Mais cela ne fut bientôt plus suffisant pour les habitants qui toujours désiraient plus. Et c'est à ce moment là que nous vîmes que la soif du pouvoir s'était à son tour glissé en nos murs. Cette soif que rien ne pouvait calmer dévorait désormais de l'intérieur nos connaissances, nos amis et même jusqu'à leurs animaux de compagnie devenus agressifs les uns envers les autres. Les yeux que nous croisions semblaient briller d'une lumière fiévreuse et infernale. Sous ses effets les os du visage des plus atteints devenaient même apparents, les faisant semblables à des squelettes vivants. Ce fut à partir de ce moment que les plus réticents de ma famille à voir la vérité ne purent plus se voiler la face.
La ville ne fut bientôt plus assez grande pour la soif de pouvoir qui animaient les plus malades, et les discours expansionnistes poussèrent alors comme de la mauvaise herbe entre les pavés de nos rues.

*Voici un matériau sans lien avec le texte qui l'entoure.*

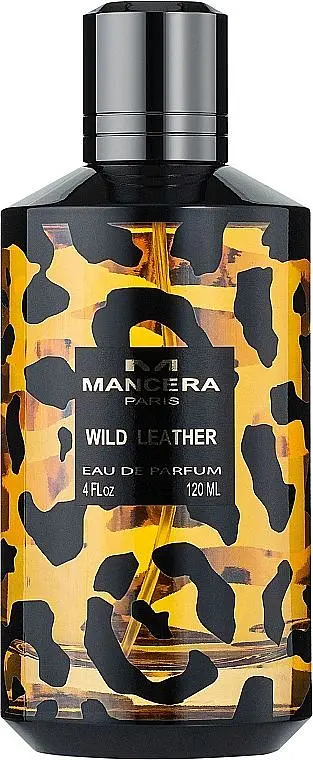 Парфумована вода Mancera Wild Leather Тестер 120 мл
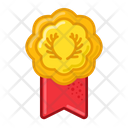پیش‌نمایش فایل branch-medal-3246858 از پک جوایز و دستاوردها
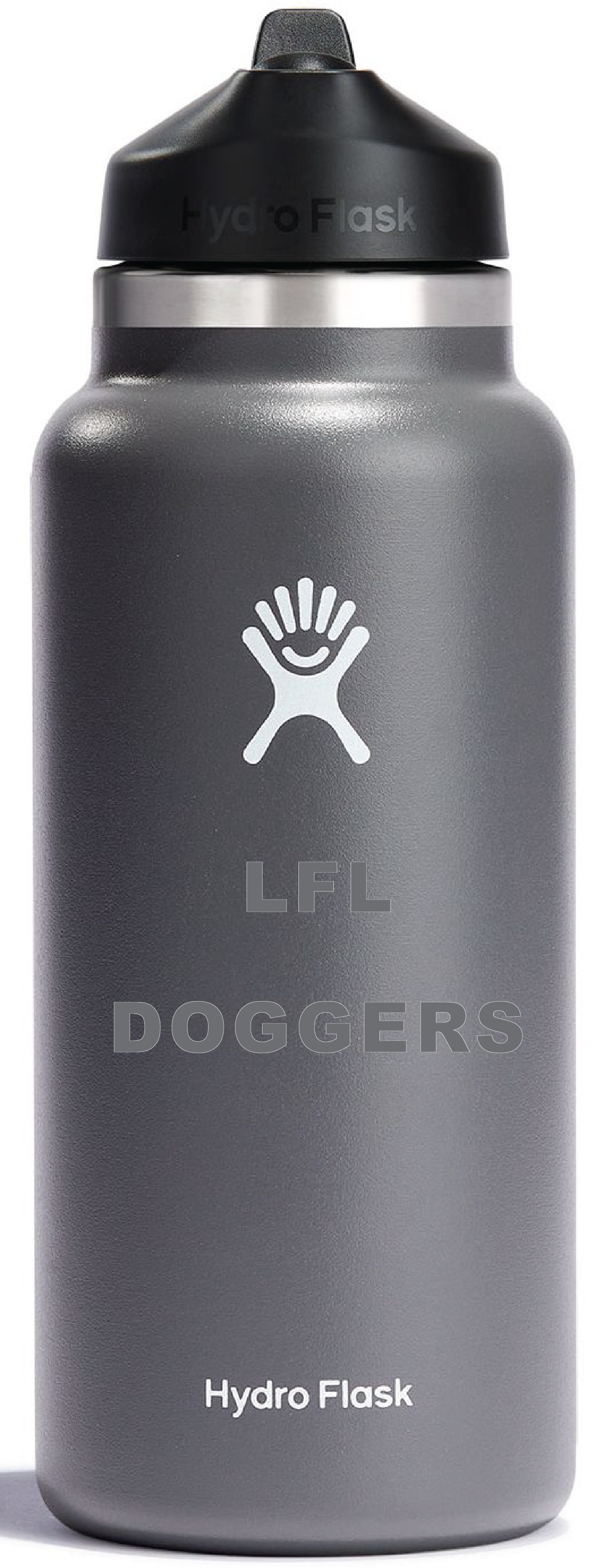 LFL Doggers Customizable Hydro Flask 32oz water Bottle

Nos dirigeants malades ordonnèrent des recrutements massifs parmi la population dont ils avaient le contrôle. Nos jeunes hommes partaient dans des maneuvres militaires interminables, puis à la guerre. J'étais à cette époque en âge d'être mobilisé, mais ma famille n'étant pas considérée comme citoyens à part entière, les débuts de l'ostracisme dont nous allions souffrir par la suite joua pour le coup en notre faveur.
Ce fut au temps de la troisième guerre d'expansion que je me mariai avec une femme originaire de la cité mais dont l'esprit était encore à peu près épargné.

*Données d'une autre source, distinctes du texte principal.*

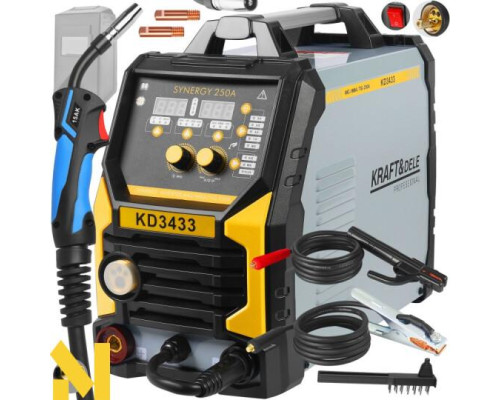 Зварювальний інвертор Kraft&Dele KD3433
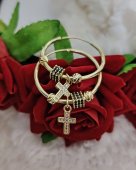 Cercei charm trendy 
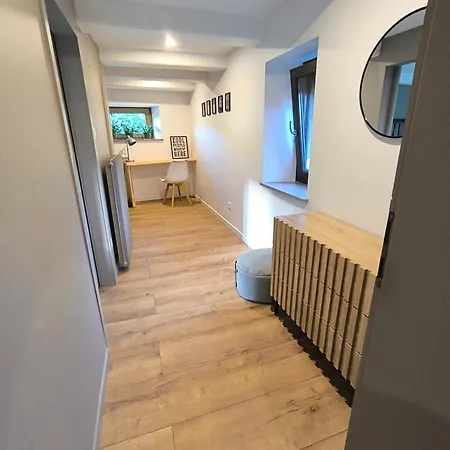 בית נופש Au Pied Des Vignes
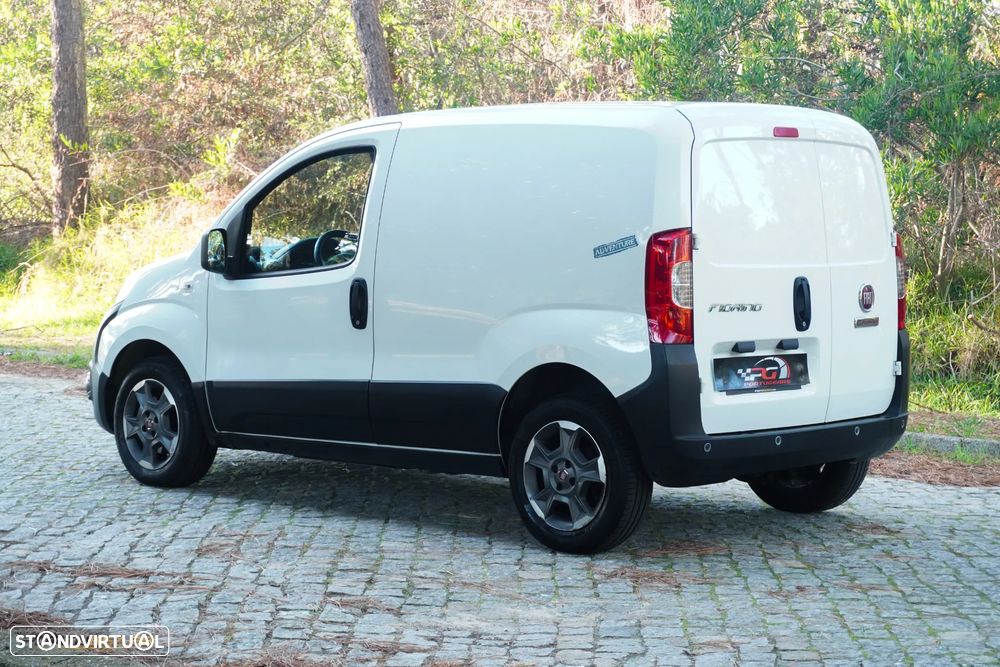 Fiat Fiorino S&S SX Adventure - 2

Les terres sur lesquelles régnaient notre cité s'étaient étendues au delà du raisonnable, mais cela ne suffit bientôt plus à la faim de pouvoir dont étaient infestée les habitants de la ville. La maladie prit alors une nouvelle forme bien plus terrible. Cela commença lorsque la gloire et la puissance dont s'auréolait la ville finit par attirer les sorciers et leur magie venus de l'est. Les places publiques furent progressivement envahies par le savoir défendu de Haruth et Meruth, et ses effets ne se firent pas attendre.
Nos dirigeants prirent rapidement comme conseillers ces sorciers et se laissèrent aisément corrompre autant par les paroles mielleuses qu'on leur susurrait à l'oreille que par leur orgueil. En peu de temps, ils crurent pouvoir intervenir dans les lois de la nature et se mirent à tenter toute sorte d'expérience dans des laboratoires secrets d'où s'élevait toujours une fumée noire et nauséabonde. Le peuple se mit lui aussi à se croire plus puissant que les lois naturelles, et commencèrent à chercher certaines choses ambiguës et dangereuses telles que la connaissance du futur ou la disparition des signes de la vieillesse.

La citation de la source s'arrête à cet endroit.